/Google-Data-Analytics-Capstone-Project

My capstone project for the Google Data Analytics Professional Certificate

Google Data Analytics Capstone Project

Scenario

You are a junior data analyst working in the marketing analyst team at Cyclistic, a bike-share company in Chicago. The director of marketing believes the company’s future success depends on maximizing the number of annual memberships. Therefore, your team wants to understand how casual riders and annual members use Cyclistic bikes differently. From these insights, your team will design a new marketing strategy to convert casual riders into annual members. But first, Cyclistic executives must approve your recommendations, so they must be backed up with compelling data insights and professional data visualizations.

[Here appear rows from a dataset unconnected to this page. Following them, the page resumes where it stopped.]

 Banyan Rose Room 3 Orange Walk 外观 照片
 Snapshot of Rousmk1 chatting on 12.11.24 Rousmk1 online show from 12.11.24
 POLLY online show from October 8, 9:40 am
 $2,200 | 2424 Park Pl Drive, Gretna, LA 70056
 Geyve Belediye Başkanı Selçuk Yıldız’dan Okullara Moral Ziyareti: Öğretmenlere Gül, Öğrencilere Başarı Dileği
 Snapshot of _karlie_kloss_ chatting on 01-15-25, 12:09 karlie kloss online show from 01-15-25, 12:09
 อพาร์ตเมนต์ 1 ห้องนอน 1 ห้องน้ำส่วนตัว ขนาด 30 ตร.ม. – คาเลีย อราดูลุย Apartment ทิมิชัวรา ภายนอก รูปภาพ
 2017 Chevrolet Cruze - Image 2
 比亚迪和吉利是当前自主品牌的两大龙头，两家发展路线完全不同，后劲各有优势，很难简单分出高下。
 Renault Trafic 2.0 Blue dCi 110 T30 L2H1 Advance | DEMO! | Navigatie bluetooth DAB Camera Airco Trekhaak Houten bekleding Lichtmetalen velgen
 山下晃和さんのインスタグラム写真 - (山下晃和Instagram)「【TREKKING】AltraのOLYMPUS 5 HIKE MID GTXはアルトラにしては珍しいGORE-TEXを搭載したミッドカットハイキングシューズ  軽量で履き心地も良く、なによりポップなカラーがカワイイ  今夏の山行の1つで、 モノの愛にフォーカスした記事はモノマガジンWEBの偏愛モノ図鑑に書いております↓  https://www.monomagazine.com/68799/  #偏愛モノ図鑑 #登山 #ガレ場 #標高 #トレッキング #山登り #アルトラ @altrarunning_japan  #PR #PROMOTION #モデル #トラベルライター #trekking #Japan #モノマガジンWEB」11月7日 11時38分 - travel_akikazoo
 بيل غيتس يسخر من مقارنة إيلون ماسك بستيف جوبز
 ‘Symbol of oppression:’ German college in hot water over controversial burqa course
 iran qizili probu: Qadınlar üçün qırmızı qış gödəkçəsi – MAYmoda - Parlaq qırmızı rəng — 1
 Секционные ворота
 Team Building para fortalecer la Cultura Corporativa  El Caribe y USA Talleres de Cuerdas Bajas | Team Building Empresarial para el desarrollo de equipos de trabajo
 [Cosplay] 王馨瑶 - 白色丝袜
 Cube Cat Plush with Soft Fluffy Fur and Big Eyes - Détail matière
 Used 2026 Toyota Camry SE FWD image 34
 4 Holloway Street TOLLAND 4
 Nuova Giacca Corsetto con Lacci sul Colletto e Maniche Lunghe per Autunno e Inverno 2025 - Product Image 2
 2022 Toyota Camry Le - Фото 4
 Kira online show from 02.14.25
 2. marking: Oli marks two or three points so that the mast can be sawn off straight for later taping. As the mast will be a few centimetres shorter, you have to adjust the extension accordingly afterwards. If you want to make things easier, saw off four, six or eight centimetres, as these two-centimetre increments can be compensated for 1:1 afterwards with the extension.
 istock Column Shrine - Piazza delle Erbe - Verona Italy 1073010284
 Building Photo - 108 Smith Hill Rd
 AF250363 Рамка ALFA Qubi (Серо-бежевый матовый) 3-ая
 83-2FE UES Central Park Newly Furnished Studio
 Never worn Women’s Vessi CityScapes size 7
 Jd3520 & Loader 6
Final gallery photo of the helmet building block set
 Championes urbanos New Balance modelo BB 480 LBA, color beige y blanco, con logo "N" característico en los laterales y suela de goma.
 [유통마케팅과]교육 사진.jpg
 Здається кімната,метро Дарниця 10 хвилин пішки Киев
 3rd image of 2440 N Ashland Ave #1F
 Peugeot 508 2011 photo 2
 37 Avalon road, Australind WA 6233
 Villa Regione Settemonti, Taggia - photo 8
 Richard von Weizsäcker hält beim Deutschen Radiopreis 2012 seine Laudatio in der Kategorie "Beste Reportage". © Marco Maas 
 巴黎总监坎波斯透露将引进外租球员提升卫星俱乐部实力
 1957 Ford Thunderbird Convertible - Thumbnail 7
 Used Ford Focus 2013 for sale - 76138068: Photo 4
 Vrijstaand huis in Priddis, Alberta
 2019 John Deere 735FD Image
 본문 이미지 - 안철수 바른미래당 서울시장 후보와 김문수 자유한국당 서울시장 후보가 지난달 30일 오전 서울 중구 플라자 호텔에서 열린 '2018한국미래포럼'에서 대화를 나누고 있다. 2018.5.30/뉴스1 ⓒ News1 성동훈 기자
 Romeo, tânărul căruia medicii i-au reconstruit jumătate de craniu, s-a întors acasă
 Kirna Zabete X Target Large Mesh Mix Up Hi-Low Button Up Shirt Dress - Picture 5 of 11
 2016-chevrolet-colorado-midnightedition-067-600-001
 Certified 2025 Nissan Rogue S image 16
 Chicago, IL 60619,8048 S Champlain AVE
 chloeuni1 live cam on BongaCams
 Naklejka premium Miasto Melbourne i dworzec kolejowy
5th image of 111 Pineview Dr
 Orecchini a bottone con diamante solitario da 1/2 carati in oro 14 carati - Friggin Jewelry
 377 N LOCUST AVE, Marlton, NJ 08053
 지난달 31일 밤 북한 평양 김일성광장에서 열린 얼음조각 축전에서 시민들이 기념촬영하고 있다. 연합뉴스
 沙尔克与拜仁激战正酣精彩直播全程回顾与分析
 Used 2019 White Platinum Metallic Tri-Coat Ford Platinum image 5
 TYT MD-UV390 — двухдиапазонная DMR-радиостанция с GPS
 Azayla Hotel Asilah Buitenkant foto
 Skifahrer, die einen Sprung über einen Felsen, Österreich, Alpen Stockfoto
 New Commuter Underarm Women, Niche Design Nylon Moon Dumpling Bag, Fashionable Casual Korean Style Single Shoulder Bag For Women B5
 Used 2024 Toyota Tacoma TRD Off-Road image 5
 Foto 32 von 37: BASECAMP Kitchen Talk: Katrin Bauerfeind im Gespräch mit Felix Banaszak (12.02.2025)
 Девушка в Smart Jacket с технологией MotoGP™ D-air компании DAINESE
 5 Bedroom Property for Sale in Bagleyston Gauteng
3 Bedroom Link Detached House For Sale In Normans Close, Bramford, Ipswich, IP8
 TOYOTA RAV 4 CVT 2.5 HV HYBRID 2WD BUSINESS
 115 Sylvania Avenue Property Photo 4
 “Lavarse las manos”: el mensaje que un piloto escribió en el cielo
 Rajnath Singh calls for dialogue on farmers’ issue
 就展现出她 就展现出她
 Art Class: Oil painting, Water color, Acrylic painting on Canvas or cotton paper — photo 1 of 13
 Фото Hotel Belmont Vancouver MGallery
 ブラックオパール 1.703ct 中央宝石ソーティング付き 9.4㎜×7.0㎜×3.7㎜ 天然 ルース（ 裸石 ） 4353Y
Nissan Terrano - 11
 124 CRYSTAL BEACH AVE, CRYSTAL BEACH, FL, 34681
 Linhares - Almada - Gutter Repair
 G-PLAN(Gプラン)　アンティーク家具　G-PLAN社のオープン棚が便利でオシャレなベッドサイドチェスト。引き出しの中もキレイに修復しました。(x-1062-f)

To complete my analysis, I will be following the steps of the data analysis process: ask, prepare, process, analyze, share, and act.

Ask

Clear Statement of the Business Task:

Analyze Cyclistic trip data to understand how casual riders and annual members use Cyclistic bikes differently. Provide these insights to the marketing team to help develop a strategy to convert more casual riders into annual members.

Prepare

Description of All Data Sources Used:

Public data provided by Divvy Bikes and is available here.

Process

Documentation of Any Cleaning or Manipulation of Data:

  1. Downloaded 12 months of data ranging from 2022/03 - 2023/02.
  2. Converted the .csv files to .xlxs to begin data cleanup in Microsoft Excel.
  3. Filtred all columns to search for and remove rows with missing or corrupt data.
  4. Created a new column labelled ride_length that would calculate the time each ride took by subtracting the started_at column from the ended_at column and formatted the time as HH:MM:SS.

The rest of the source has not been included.